(Saved data entries)

__________________________________________________

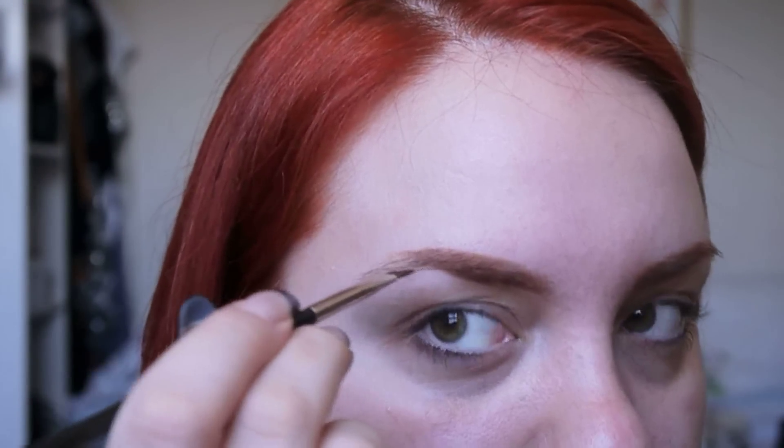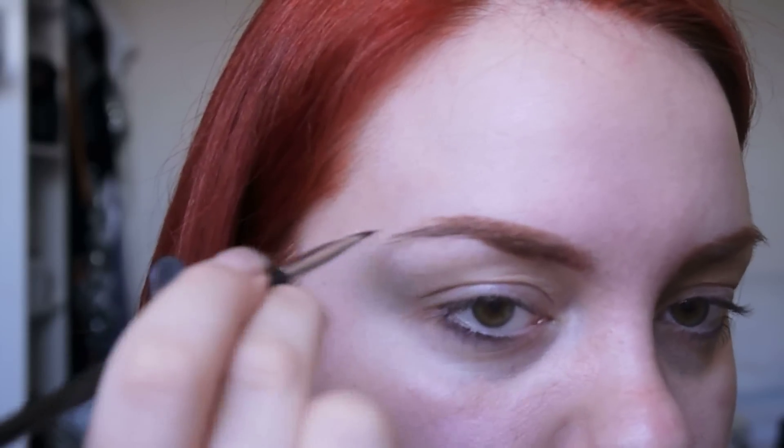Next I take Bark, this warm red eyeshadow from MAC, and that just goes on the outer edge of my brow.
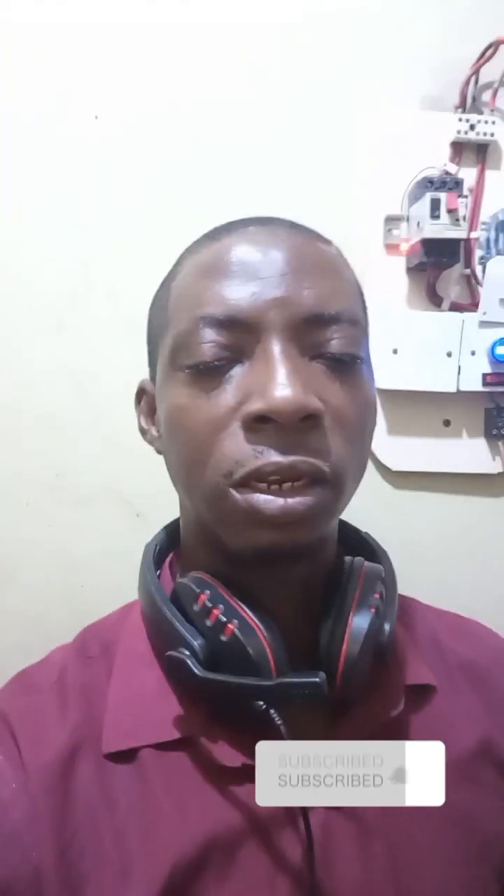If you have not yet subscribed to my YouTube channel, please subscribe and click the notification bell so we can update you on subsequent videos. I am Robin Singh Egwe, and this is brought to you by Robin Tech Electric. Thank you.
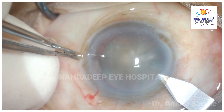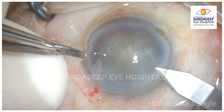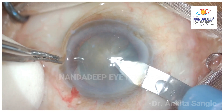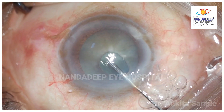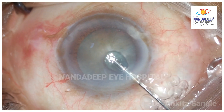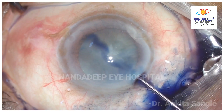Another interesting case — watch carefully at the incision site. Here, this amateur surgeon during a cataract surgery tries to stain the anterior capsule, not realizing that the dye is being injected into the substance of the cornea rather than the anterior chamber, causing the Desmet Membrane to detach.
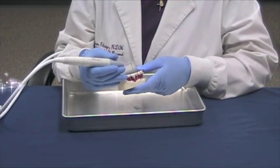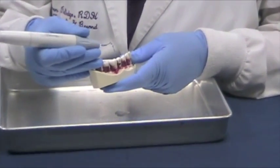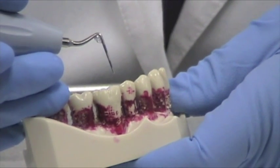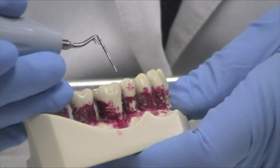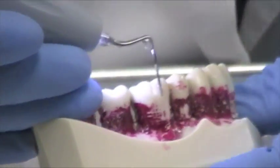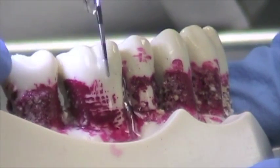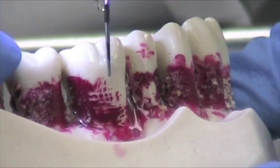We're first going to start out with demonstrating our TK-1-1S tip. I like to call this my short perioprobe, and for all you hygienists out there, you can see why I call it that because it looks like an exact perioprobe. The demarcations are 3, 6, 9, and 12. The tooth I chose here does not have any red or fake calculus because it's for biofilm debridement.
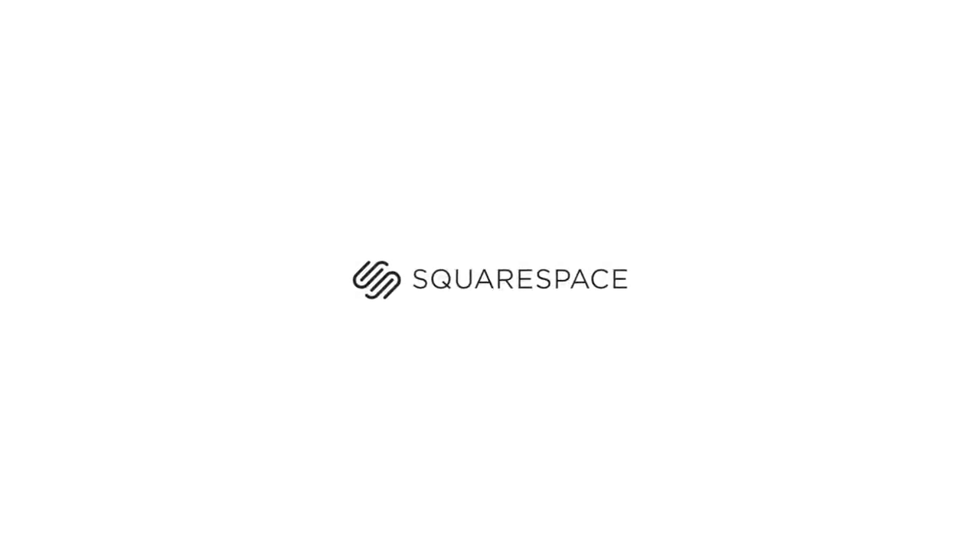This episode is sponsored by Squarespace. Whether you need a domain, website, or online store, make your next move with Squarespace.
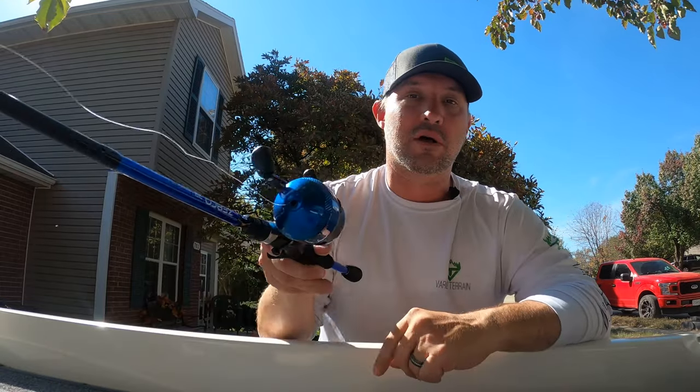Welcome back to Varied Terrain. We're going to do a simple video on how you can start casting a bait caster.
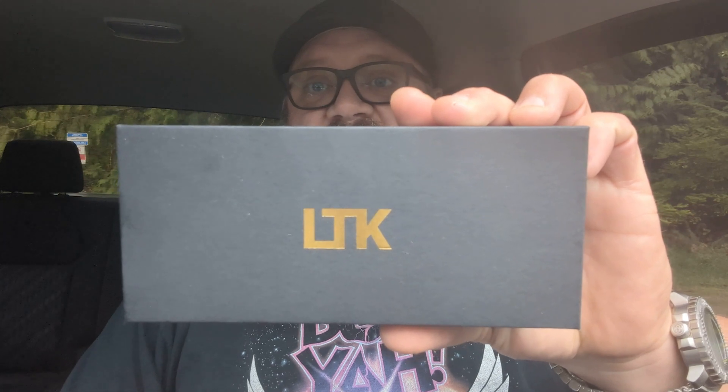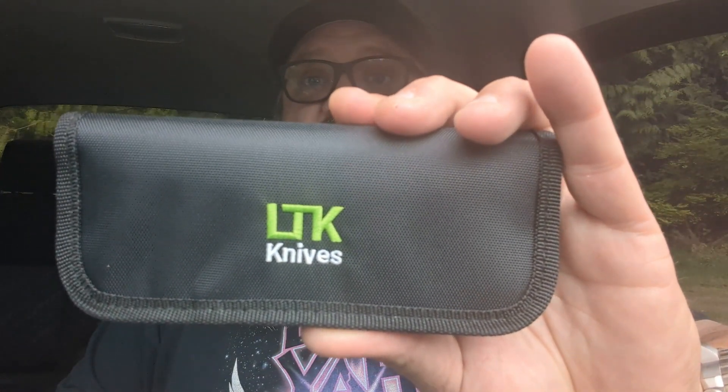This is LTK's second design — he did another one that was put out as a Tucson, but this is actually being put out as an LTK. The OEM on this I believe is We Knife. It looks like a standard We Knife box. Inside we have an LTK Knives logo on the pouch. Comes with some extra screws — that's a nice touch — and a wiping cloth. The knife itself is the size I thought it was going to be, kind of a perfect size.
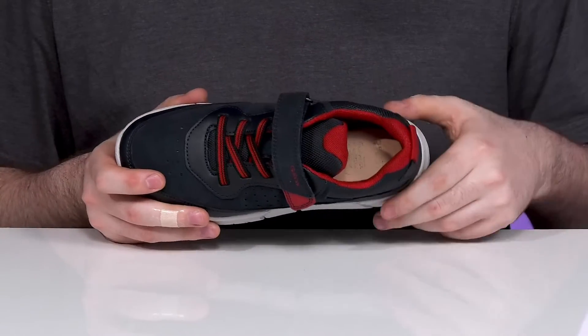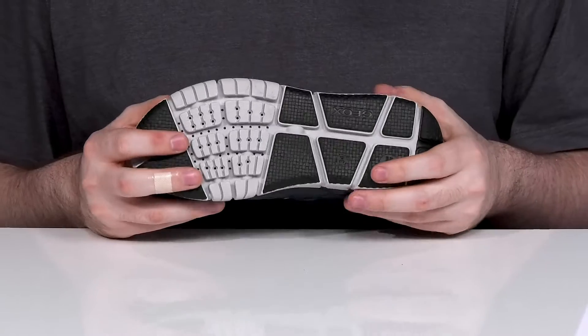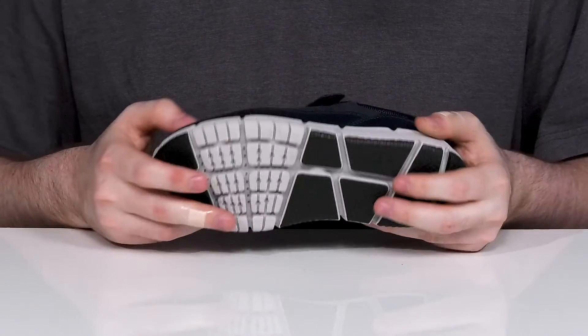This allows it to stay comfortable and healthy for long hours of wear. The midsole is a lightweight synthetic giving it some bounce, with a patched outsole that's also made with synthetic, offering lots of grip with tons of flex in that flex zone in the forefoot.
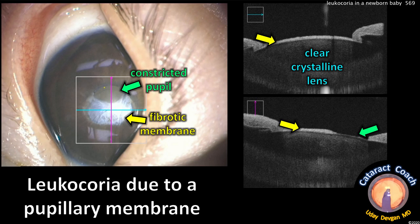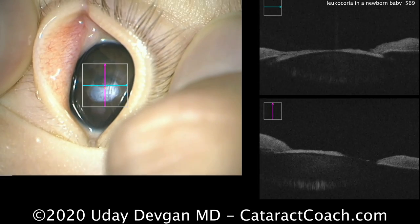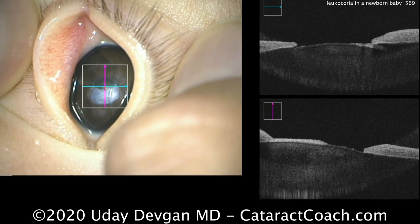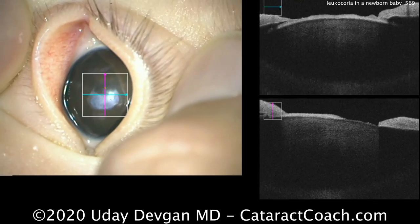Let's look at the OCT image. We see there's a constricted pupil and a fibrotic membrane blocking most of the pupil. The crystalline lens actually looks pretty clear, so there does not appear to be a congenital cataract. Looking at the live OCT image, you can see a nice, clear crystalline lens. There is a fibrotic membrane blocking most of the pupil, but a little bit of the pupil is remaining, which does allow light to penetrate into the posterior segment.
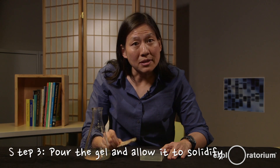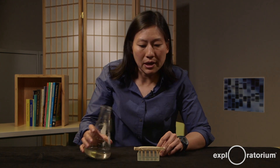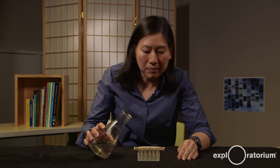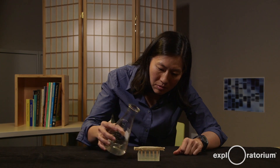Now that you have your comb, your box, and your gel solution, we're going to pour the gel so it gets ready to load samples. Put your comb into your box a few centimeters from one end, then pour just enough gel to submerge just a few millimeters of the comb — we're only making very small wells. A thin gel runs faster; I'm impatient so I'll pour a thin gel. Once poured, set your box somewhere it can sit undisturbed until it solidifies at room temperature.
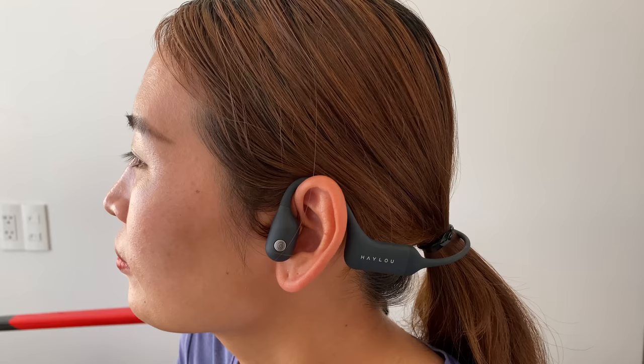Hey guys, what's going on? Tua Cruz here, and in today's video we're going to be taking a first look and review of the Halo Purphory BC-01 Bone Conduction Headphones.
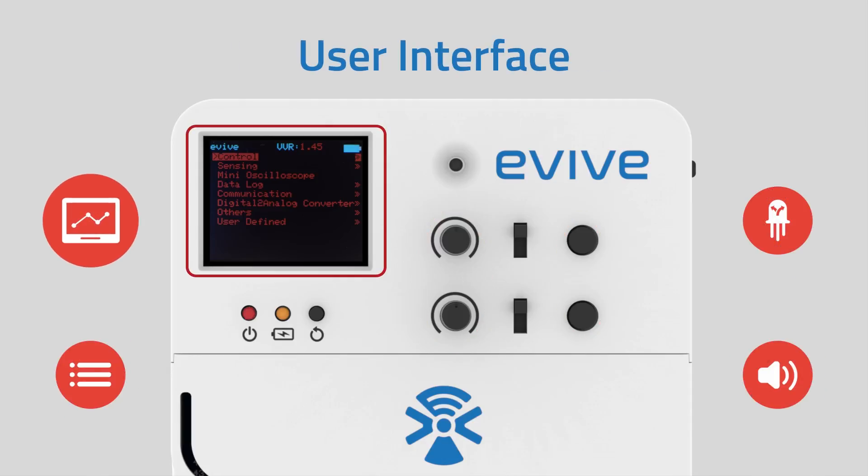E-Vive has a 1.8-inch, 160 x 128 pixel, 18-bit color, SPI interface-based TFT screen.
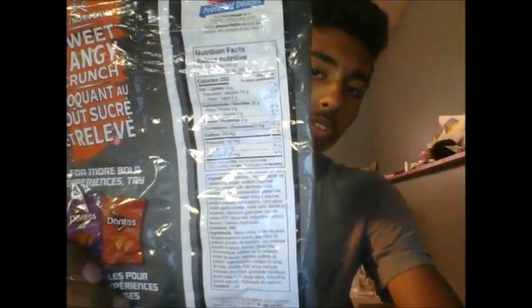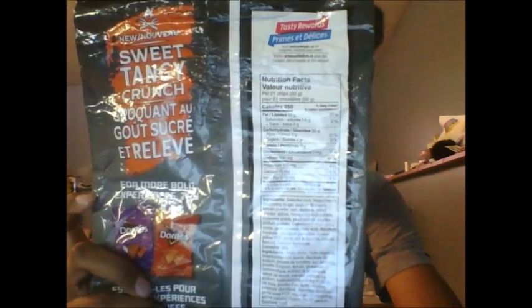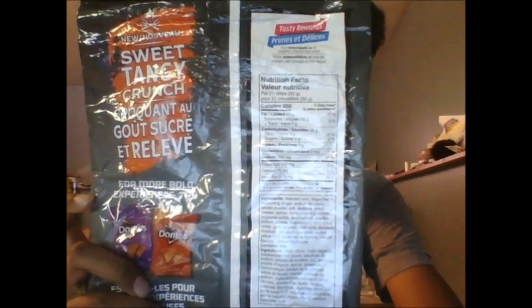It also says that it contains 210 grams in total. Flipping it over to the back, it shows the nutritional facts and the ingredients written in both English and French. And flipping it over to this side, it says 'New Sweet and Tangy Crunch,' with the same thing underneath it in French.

__________________________________________________

▶ _Exercise goal_:
Set down all the lines above exactly as they appear, with no pictures.

▶ _Result of this exercise_:
Next I take Bark, this warm red eyeshadow from MAC, and that just goes on the outer edge of my brow.
If you have not yet subscribed to my YouTube channel, please subscribe and click the notification bell so we can update you on subsequent videos. I am Robin Singh Egwe, and this is brought to you by Robin Tech Electric. Thank you.
Another interesting case — watch carefully at the incision site. Here, this amateur surgeon during a cataract surgery tries to stain the anterior capsule, not realizing that the dye is being injected into the substance of the cornea rather than the anterior chamber, causing the Desmet Membrane to detach.
We're first going to start out with demonstrating our TK-1-1S tip. I like to call this my short perioprobe, and for all you hygienists out there, you can see why I call it that because it looks like an exact perioprobe. The demarcations are 3, 6, 9, and 12. The tooth I chose here does not have any red or fake calculus because it's for biofilm debridement.
This episode is sponsored by Squarespace. Whether you need a domain, website, or online store, make your next move with Squarespace.
Welcome back to Varied Terrain. We're going to do a simple video on how you can start casting a bait caster.
This is LTK's second design — he did another one that was put out as a Tucson, but this is actually being put out as an LTK. The OEM on this I believe is We Knife. It looks like a standard We Knife box. Inside we have an LTK Knives logo on the pouch. Comes with some extra screws — that's a nice touch — and a wiping cloth. The knife itself is the size I thought it was going to be, kind of a perfect size.
This allows it to stay comfortable and healthy for long hours of wear. The midsole is a lightweight synthetic giving it some bounce, with a patched outsole that's also made with synthetic, offering lots of grip with tons of flex in that flex zone in the forefoot.
Let's look at the OCT image. We see there's a constricted pupil and a fibrotic membrane blocking most of the pupil. The crystalline lens actually looks pretty clear, so there does not appear to be a congenital cataract. Looking at the live OCT image, you can see a nice, clear crystalline lens. There is a fibrotic membrane blocking most of the pupil, but a little bit of the pupil is remaining, which does allow light to penetrate into the posterior segment.
Now that you have your comb, your box, and your gel solution, we're going to pour the gel so it gets ready to load samples. Put your comb into your box a few centimeters from one end, then pour just enough gel to submerge just a few millimeters of the comb — we're only making very small wells. A thin gel runs faster; I'm impatient so I'll pour a thin gel. Once poured, set your box somewhere it can sit undisturbed until it solidifies at room temperature.
Hey guys, what's going on? Tua Cruz here, and in today's video we're going to be taking a first look and review of the Halo Purphory BC-01 Bone Conduction Headphones.
E-Vive has a 1.8-inch, 160 x 128 pixel, 18-bit color, SPI interface-based TFT screen.
It also says that it contains 210 grams in total. Flipping it over to the back, it shows the nutritional facts and the ingredients written in both English and French. And flipping it over to this side, it says 'New Sweet and Tangy Crunch,' with the same thing underneath it in French.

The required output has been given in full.